Sujata Rajan, 1 Sashank Pillai1 and Craig M. Butt2
1 SCIEX, India; 2 SCIEX, USA
This technical note describes the analysis of 7 microcystins and nodularin in drinking water following United States EPA Method 544.1 The minimum reporting levels (MRL) in the fourth Unregulated Contaminant Monitoring Rule (UCMR4) were confirmed in the initial demonstration of capability (IDC) experiments using the QTRAP 4500 system (Figures 1 and 3). The MRLs met the predicted interval of results (PIR) criteria of 50%–150% recovery and ranged from 5 to 20 ng/L. In addition, the IDC experiments included the assessment of method blanks (<33% MRL) and the determination of accuracy (70–130%) and precision (%CV <20%) in laboratory fortified blanks (LFBs). The use of 250 mL of water samples reduces sample preparation time compared to the traditional 1 L sample volume.
Microcystins are toxic cyclic heptapeptides produced by cyanobacteria that occur in natural waters during harmful algal blooms (HABs).2 Microcystins are potent liver toxins and present health risks to humans and animals.
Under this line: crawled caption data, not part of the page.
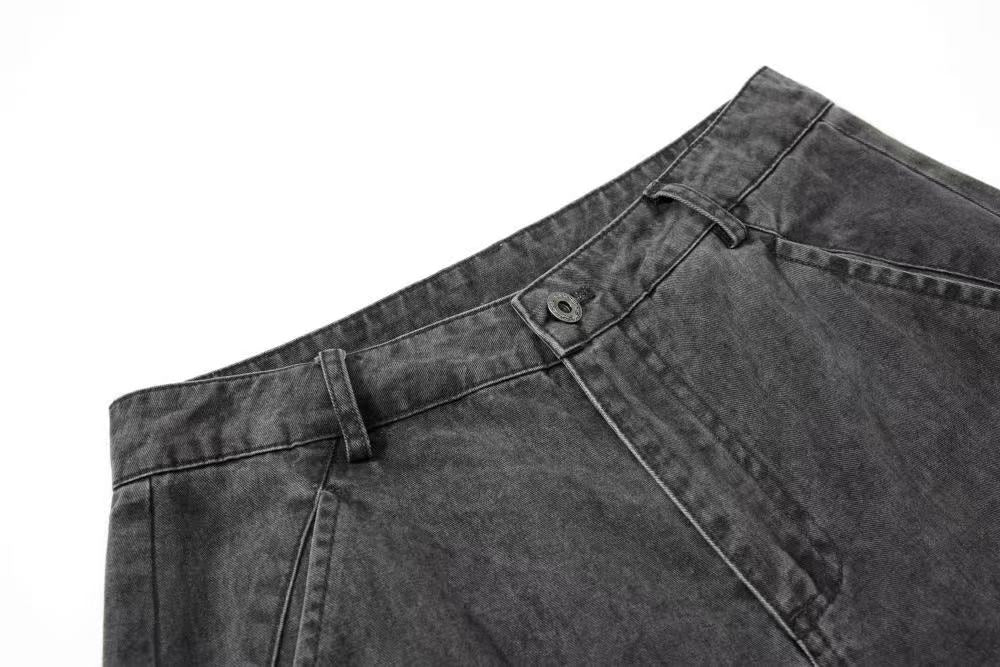 Vintage Washed Multi Pocket Wide Leg Cargo Pants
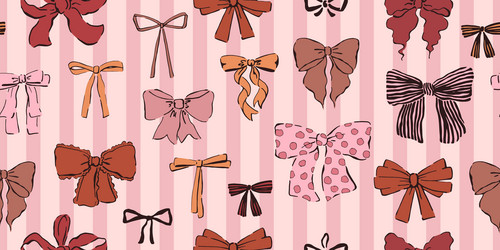 seamless pattern with hand drawn bows ribbons vector image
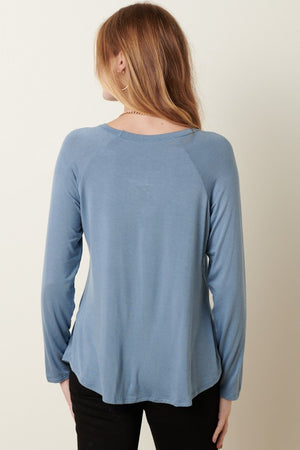 Bamboo Stone Blue Knit Top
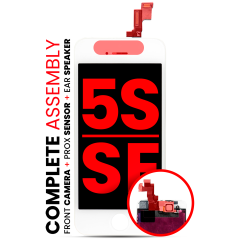 Complete LCD Assembly Compatible For iPhone 5S / SE (2016) (With Front Camera: Prox Sensor & Ear Speaker) (Aftermarket Plus: Tianma) (White)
As such, drinking water guidelines and health advisory levels have been established at sub- to low-µg/L levels across the world. Sensitive, accurate and precise analytical methods are needed to ensure the protection of human health and the environment.
Standards. Ethylated D5 microcystin-LR (MC-LR-C2D5, 98%), was purchased from Cambridge Isotope Laboratories and used as the surrogate standard. Individual microcystin (RR, LR, YR, LF, LW, LY, LA) and nodularin R standard solutions were purchased from CIFGA. The surrogate standard spiking stock and calibration standards were prepared in 90:10 (v/v), methanol/water. Calibration standard concentrations ranged from 0.05 to 100 ng/mL and contained 30 ng/mL of the surrogate standard.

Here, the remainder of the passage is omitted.